CRUNCH-614: Fix HFileUtils.writeToHFilesForIncrementalLoad slowed dramatically by copying KeyValue byte array. Contributed by Ben Roling.
diff --git a/crunch-hbase/src/main/java/org/apache/crunch/io/hbase/HFileUtils.java b/crunch-hbase/src/main/java/org/apache/crunch/io/hbase/HFileUtils.java
index 57fdffb..4cbe1c5 100644
--- a/crunch-hbase/src/main/java/org/apache/crunch/io/hbase/HFileUtils.java
+++ b/crunch-hbase/src/main/java/org/apache/crunch/io/hbase/HFileUtils.java
@@ -260,16 +260,15 @@
@Override
public int compare(byte[] left, int loffset, int llength, byte[] right, int roffset, int rlength) {
- // BytesWritable serialize length in first 4 bytes.

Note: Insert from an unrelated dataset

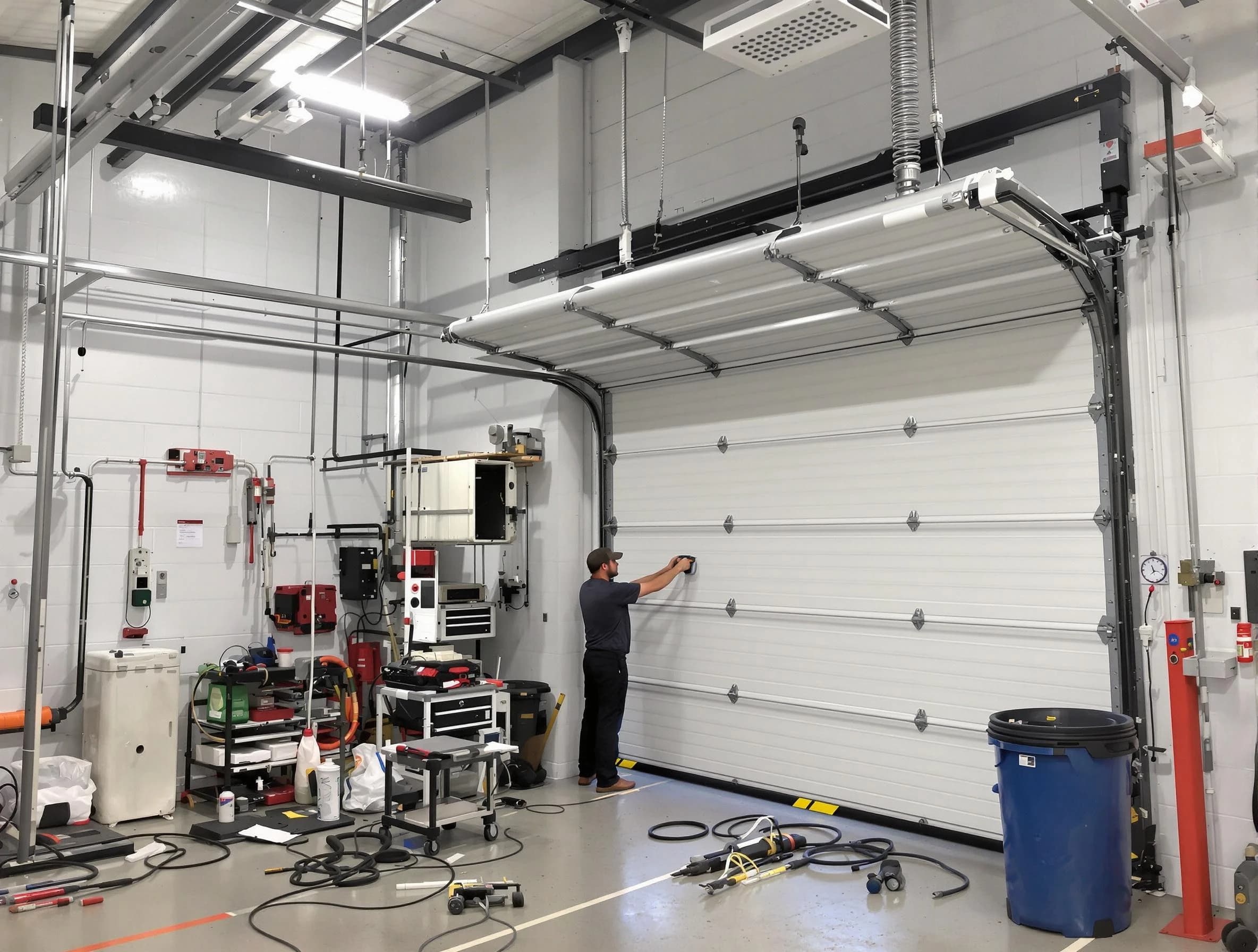 Taylorsville Garage Door Repair certified technician performing commercial door repair at a Taylorsville business facility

- // We simply ignore it here, because KeyValue has its own size serialized.
- if (llength < 4) {
+ // BytesWritable and KeyValue each serialize 4 bytes to indicate length
+ if (llength < 8) {
throw new AssertionError("Too small llength: " + llength);
}
- if (rlength < 4) {
+ if (rlength < 8) {
throw new AssertionError("Too small rlength: " + rlength);
}
- Cell leftKey = HBaseTypes.bytesToKeyValue(left, loffset + 4, llength - 4);
- Cell rightKey = HBaseTypes.bytesToKeyValue(right, roffset + 4, rlength - 4);
+ Cell leftKey = new KeyValue(left, loffset + 8, llength - 8);
+ Cell rightKey = new KeyValue(right, roffset + 8, rlength - 8);
byte[] lRow = leftKey.getRow();
byte[] rRow = rightKey.getRow();
@@ -284,8 +283,8 @@
@Override
public int compare(BytesWritable left, BytesWritable right) {
return KeyValue.COMPARATOR.compare(
- HBaseTypes.bytesToKeyValue(left),
- HBaseTypes.bytesToKeyValue(right));
+ new KeyValue(left.getBytes(), 4, left.getLength() - 4),
+ new KeyValue(right.getBytes(), 4, right.getLength() - 4));
}
}